▶ [Task requirements]:
An exact copy of every record is needed, with the pictures left out.

▶ [Records supplied]:
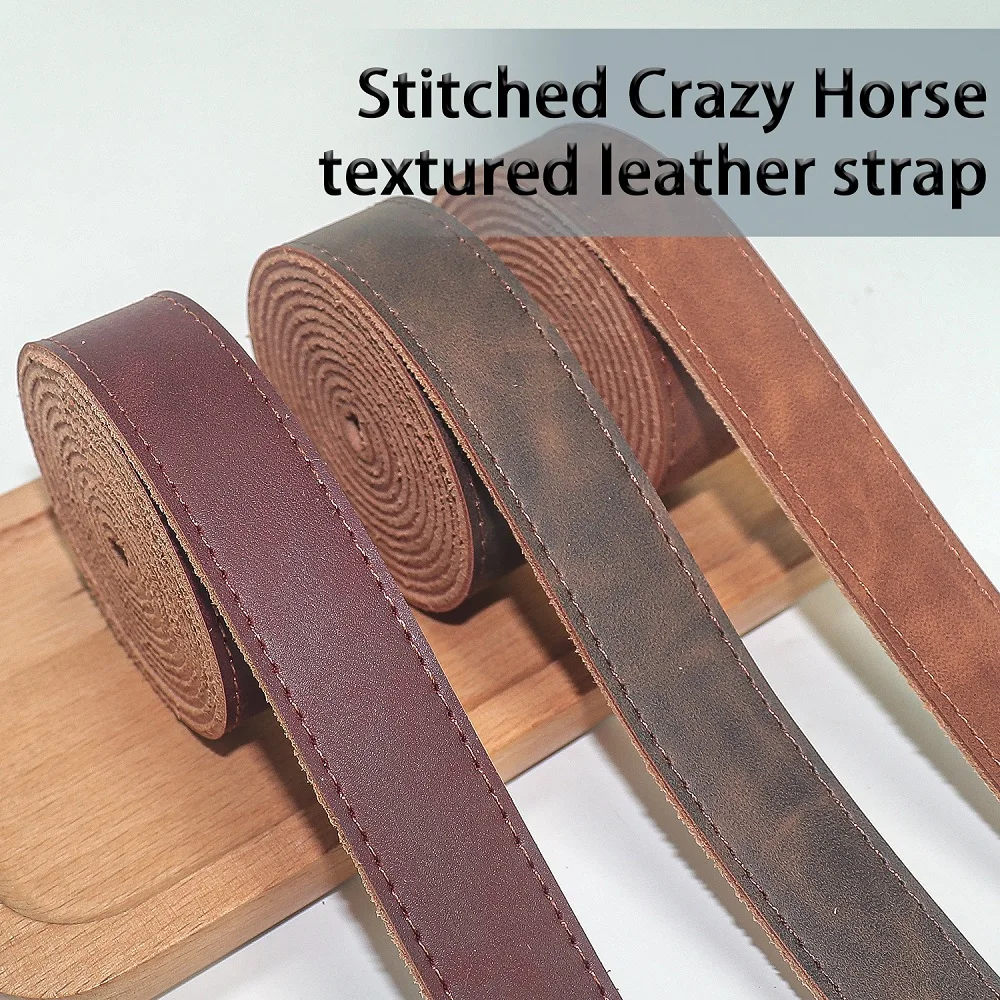 Premium Distressed Crazy Horse Leather Strap with Sutures - Thickened Version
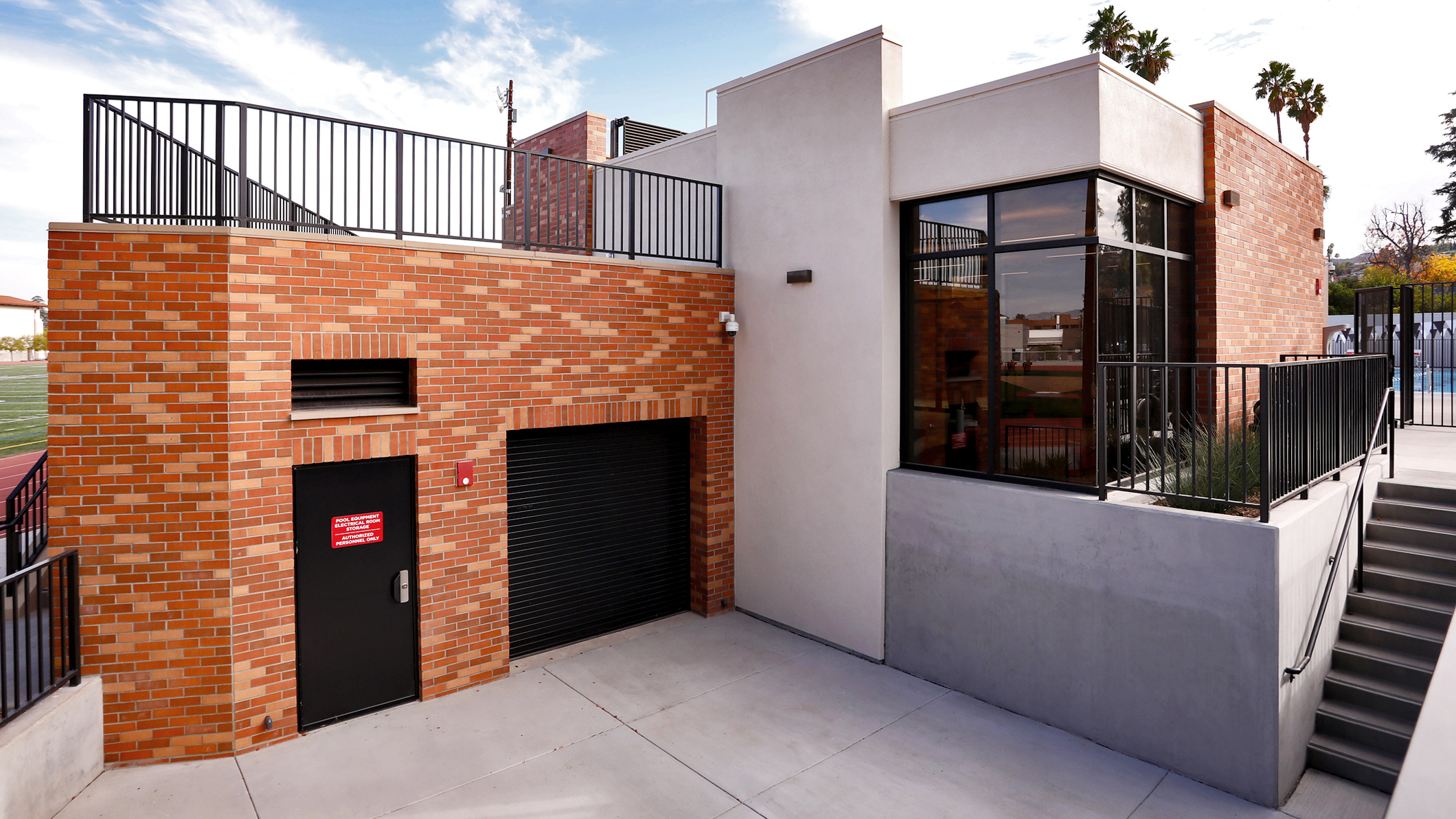 Exterior view of the buildings at the Robinson Family Aquatics Center at Crespi Carmelite High School in Encino, a Pica+Sullivan Southern California educational architectural project.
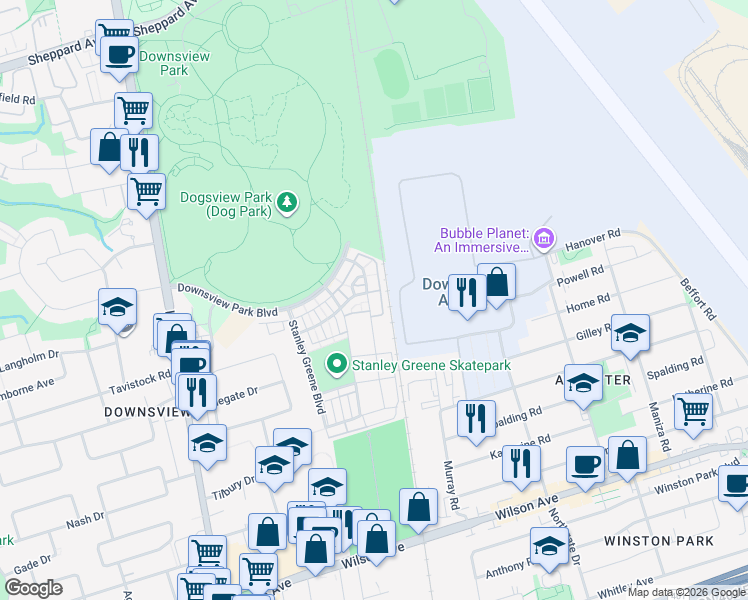 map of restaurants, bars, coffee shops, grocery stores, and more near in Toronto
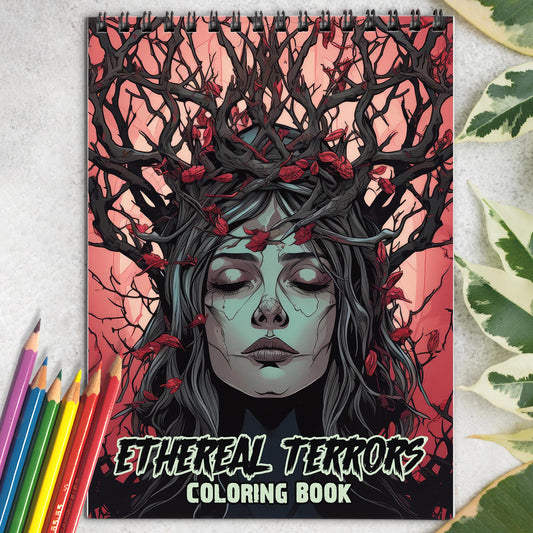 Ethereal Terrors Spiral Bound Coloring Book: 30 Coloring Pages for Gothic Art Enthusiasts to Unleash Their Creative Expression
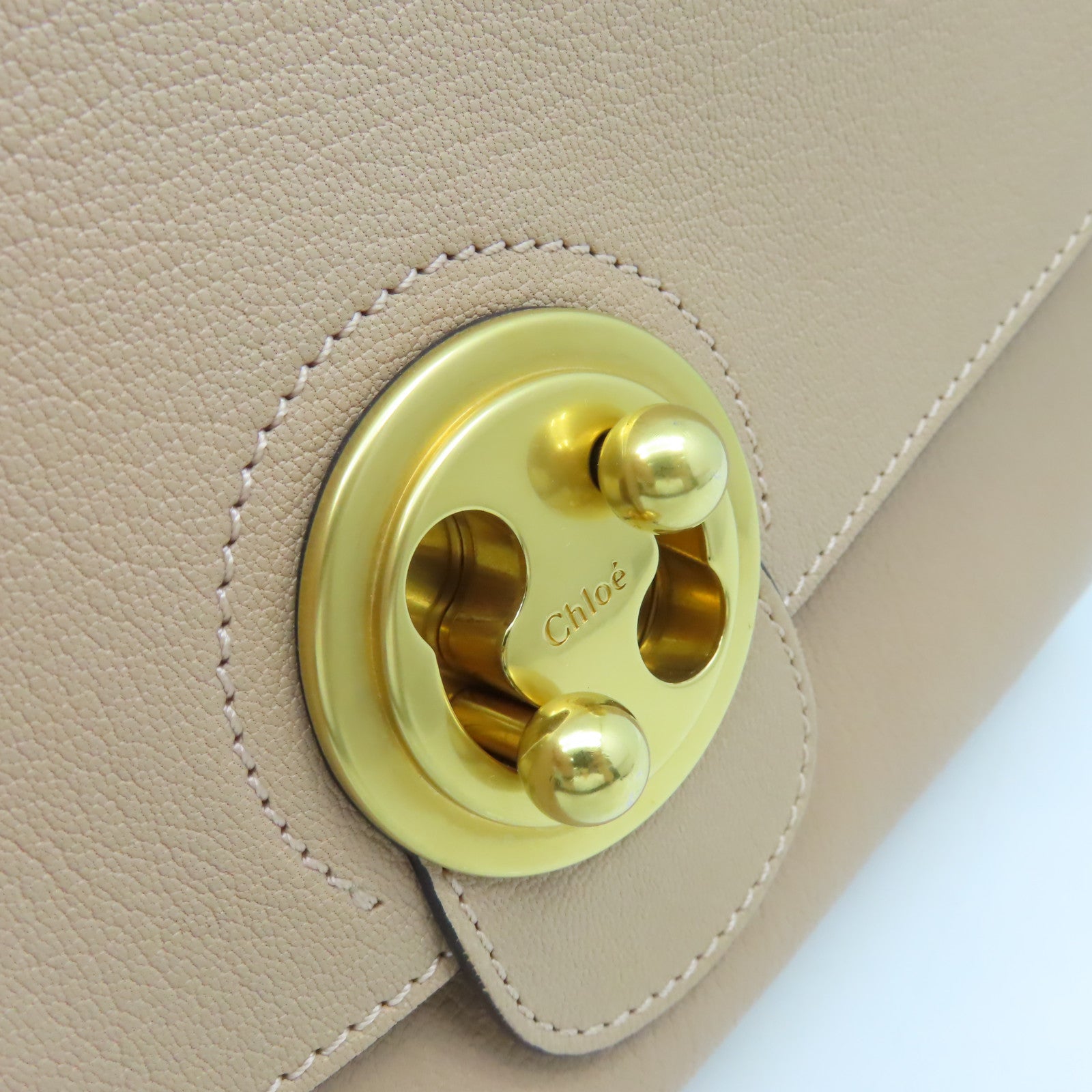 Chloe 牛皮皮革Chain Shoulder Bag金扣肩背袋杏色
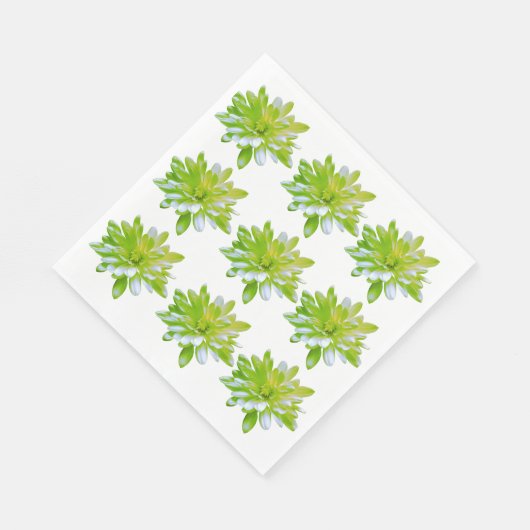 Niedlich grüne blühende Blume Grün daisy Serviette (Ecke)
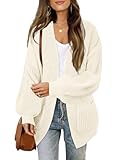 MEROKEETY Women's Fall Open Front Long Lantern Sleeve Cardigan Oversized Chunky Outwear with Pocket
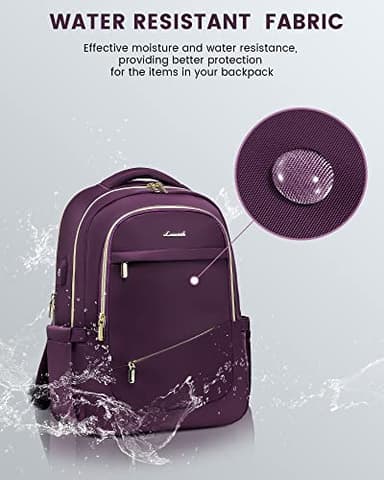 LOVEVOOK Laptop Backpack for Women, 17 Inch Slim Computer Bag with Separate Computer Compartment for Work Travel Business - Image 8
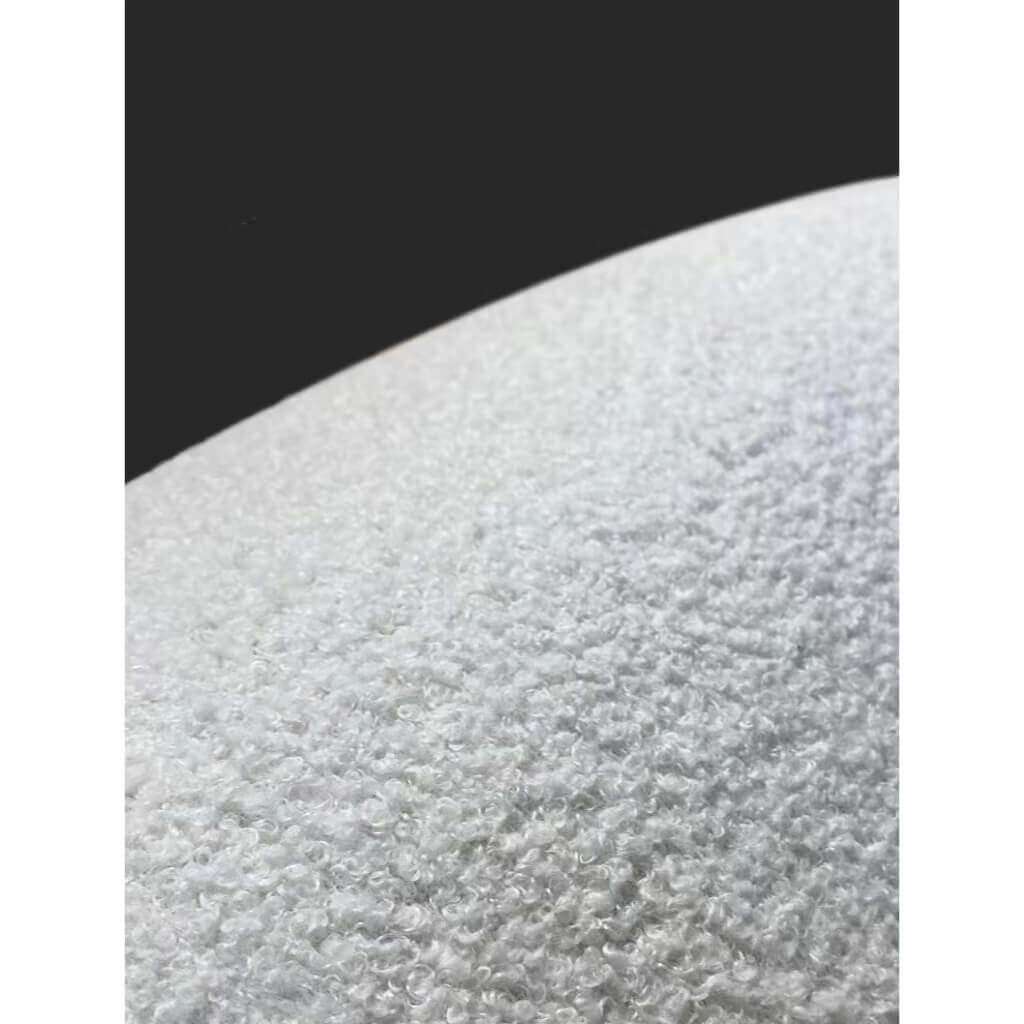 Modern 4-seater curved loveseat upholstered in white boucle sherpa fabric for living room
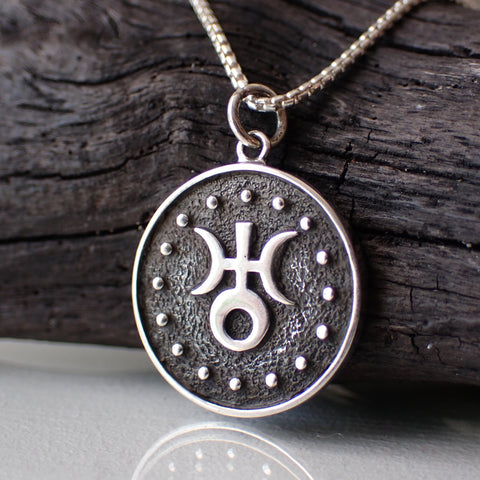 Sterling Silver Double Sided Aquarius Necklace made from Recycled Silver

▶ [Exercise result]:
 Premium Distressed Crazy Horse Leather Strap with Sutures - Thickened Version
 Exterior view of the buildings at the Robinson Family Aquatics Center at Crespi Carmelite High School in Encino, a Pica+Sullivan Southern California educational architectural project.
 map of restaurants, bars, coffee shops, grocery stores, and more near in Toronto
 Ethereal Terrors Spiral Bound Coloring Book: 30 Coloring Pages for Gothic Art Enthusiasts to Unleash Their Creative Expression
 Chloe 牛皮皮革Chain Shoulder Bag金扣肩背袋杏色
 Niedlich grüne blühende Blume Grün daisy Serviette (Ecke)
 MEROKEETY Women's Fall Open Front Long Lantern Sleeve Cardigan Oversized Chunky Outwear with Pocket
 LOVEVOOK Laptop Backpack for Women, 17 Inch Slim Computer Bag with Separate Computer Compartment for Work Travel Business - Image 8
 Modern 4-seater curved loveseat upholstered in white boucle sherpa fabric for living room
 Sterling Silver Double Sided Aquarius Necklace made from Recycled Silver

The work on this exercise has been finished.